Getting scale windshields in without them looking terrible (glue smears, finger smears, poor fit) is always tough for me. The glass that came with the kit (AMT/Ertl #6268) didn't fit, and it looked too thick. So I put some styrene rod into the inside of the roof....

And cut a playing card up to size out how big the "glass" (to be cut out of clear tyvek) will be. Should be pretty straightforward, but we'll see how it works when final assembly day comes.

Dashboards are tricky for me too. They never seem to fit right. The kit has me suspend the dash between the two interior side panels, but on other builds that's never worked for me.
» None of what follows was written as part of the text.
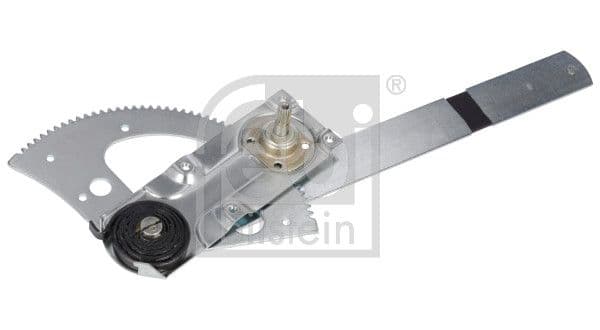 Elevador para ventanas FEBI BILSTEIN 09508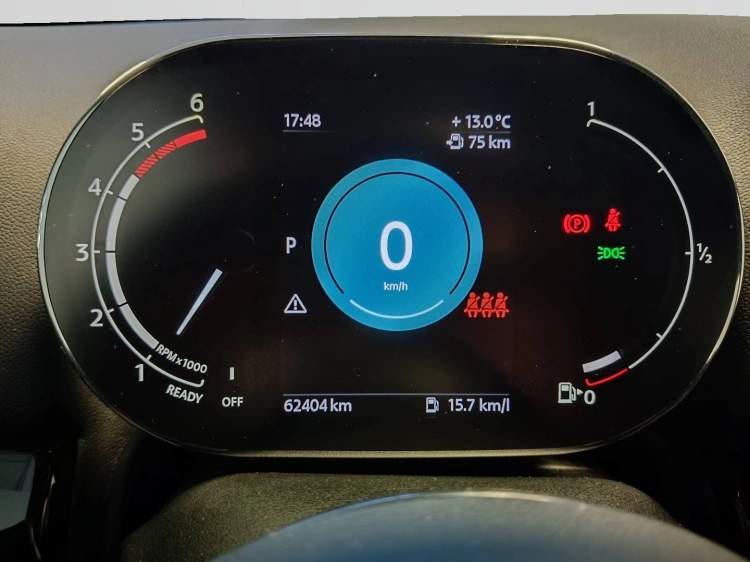 12 - MINI Countryman Mini Countryman 2.0 Twin Power Turbo Cooper D Northwood Edit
Instead I've glued a strip of styrene to the back of the dashboard, which I'll affix to the body, beneath the windshield.

I didn't much like the custom wheels that came with the Ertl kit; instead I found 2 wheels in the parts box that looks like something that might have been dreamed up by Centerline in the 1:1 world. But I only had 2 wheels, and needed 4...which means....time to cast.

I used 1:1 RTV mold maker this time, having run out of the first batch of 1:10. I like the 1:1 a lot better--much easier to prepare and mix.

Trying to learn from previous mistakes, I put polymer clay around the entire mold as a barrier; I learned my lesson a few months ago when RTV mold goo leaked all over the place before it had time to set. It made a heck of a mess!

So here's what I used this time around. I found that tiny bubbles (real ones, not the ones in the song) were getting into tight places in the wheel mold and was making small details, like the scale "bolts" on each wheel look, well, terrible. To fix this I use a toothpick right after the resin pour and actively chase the bubbles out. Now the scale bolts look spot-on.

BTW latex gloves are a big time saver, keeps RTV and resin crud off my hands, and I am not going to do a lot more casting without wearing them.

So here are the Centerlines I ended up with. There were a few issues with the very outer rims having tiny holes in them, but I figure these can be fixed with gap-filling CA glue.

I also found at the bottom of my parts box a crazy, retro looking Mag wheel, perhaps off an old Monogram drag kit. I figured I might as well make some copies of that too, and I did. No idea what I'll end up using them for.

1 comment:

Dad said...


The tiny bubbles (again not of the song) pop up in real castings, too. They're called "voids," and they're especially prevalent in cast aluminum, like engine blocks. Good engineering helps eliminate voids, but not always, and there are a lot of cast 1:1 pieces that go back into the furnace.